→ **Task objective**: None of the images should appear in your copy. Transcribe the data in full.

→ **The data**:

+++

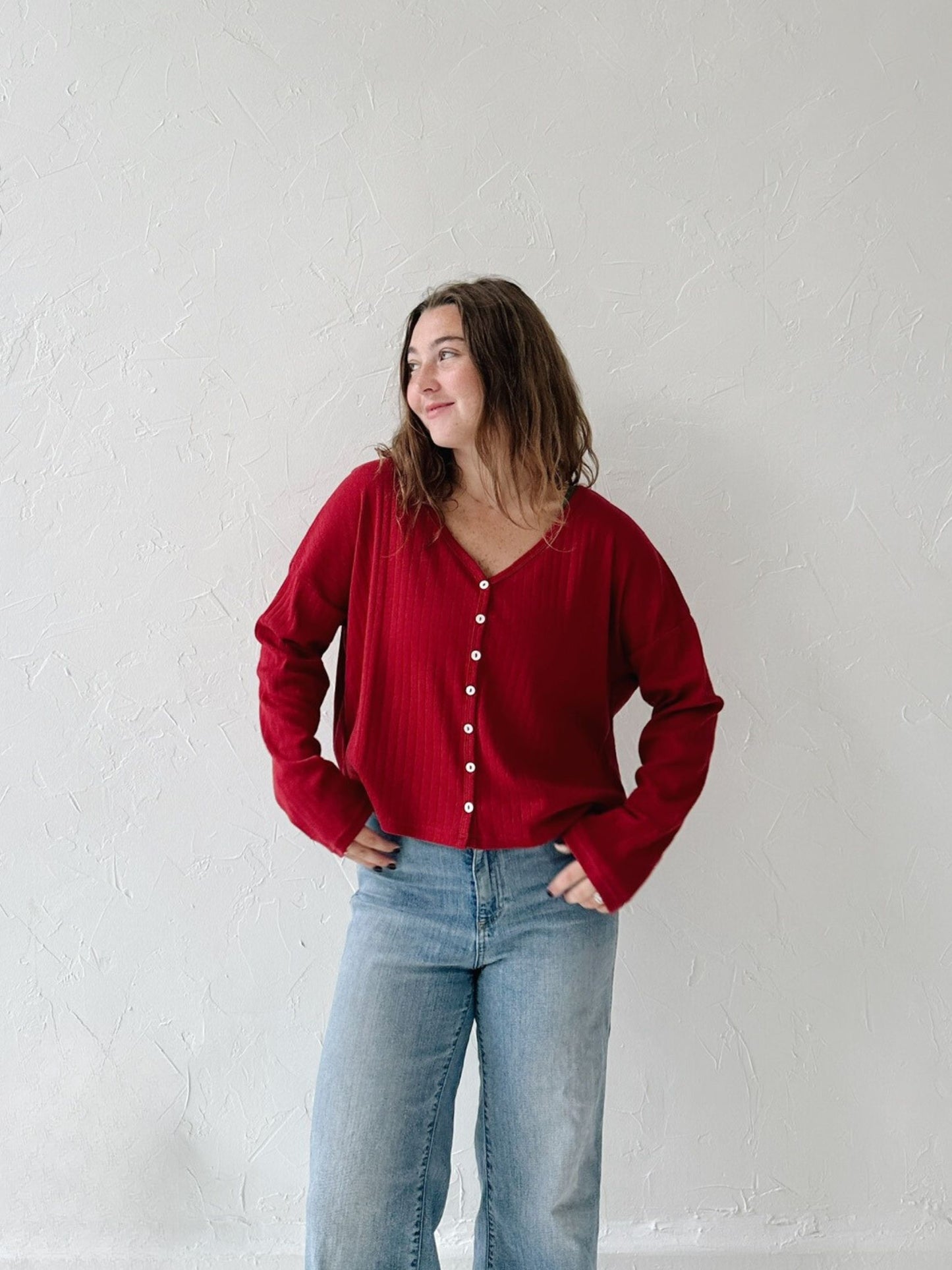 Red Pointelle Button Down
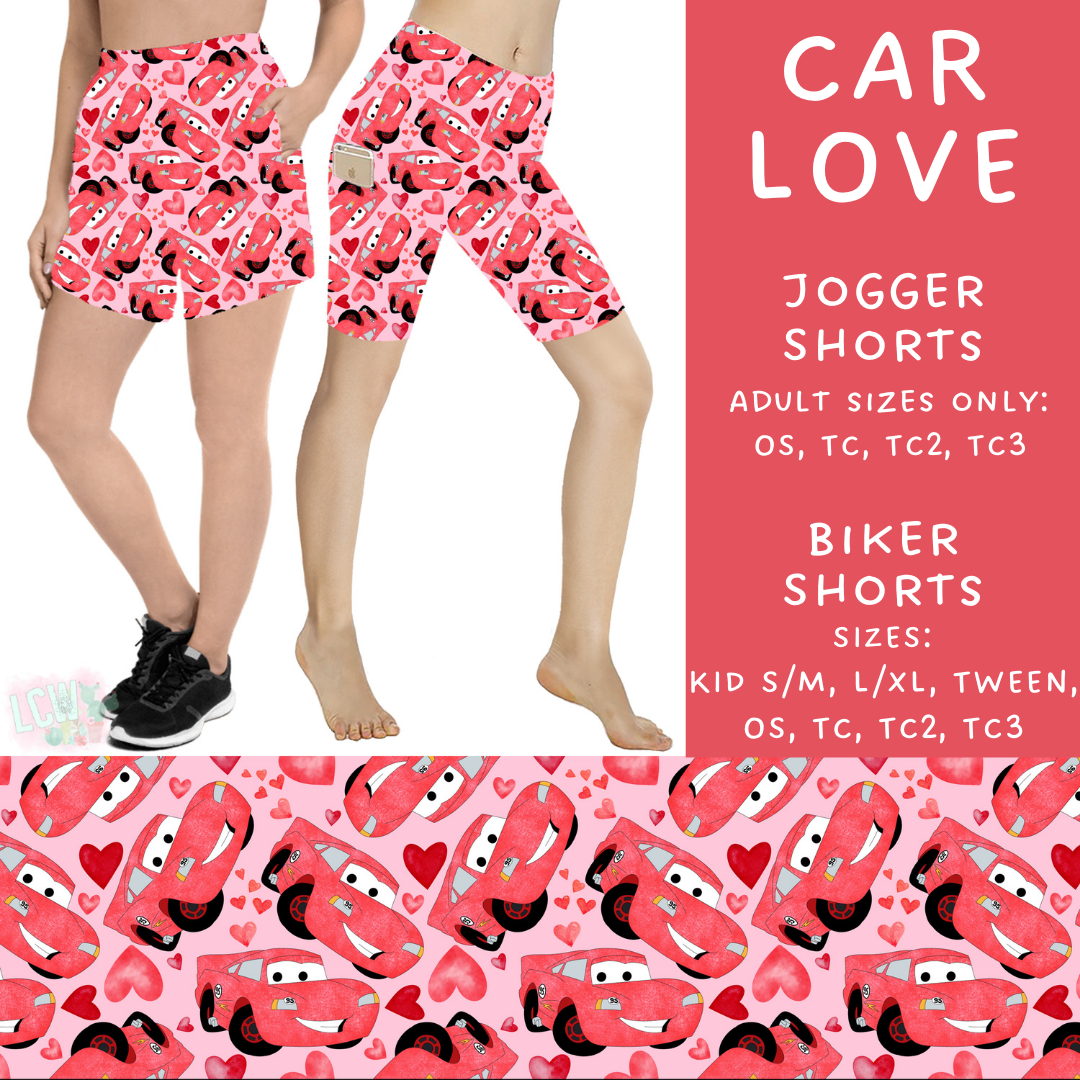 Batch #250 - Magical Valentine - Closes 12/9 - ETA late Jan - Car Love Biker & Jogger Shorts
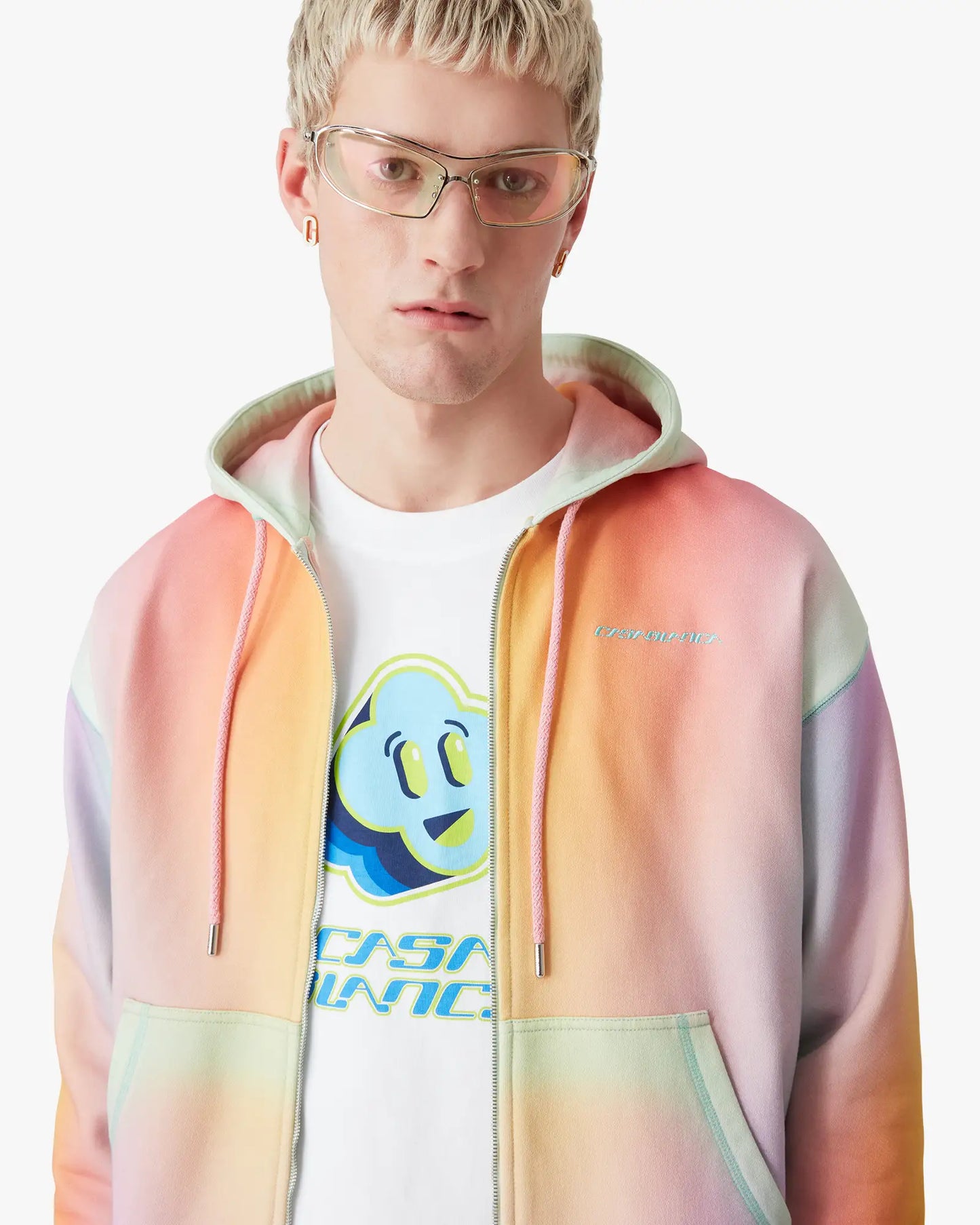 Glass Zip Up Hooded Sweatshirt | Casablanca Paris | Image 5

+++

→ **Reply**:
 Red Pointelle Button Down
 Batch #250 - Magical Valentine - Closes 12/9 - ETA late Jan - Car Love Biker & Jogger Shorts
 Glass Zip Up Hooded Sweatshirt | Casablanca Paris | Image 5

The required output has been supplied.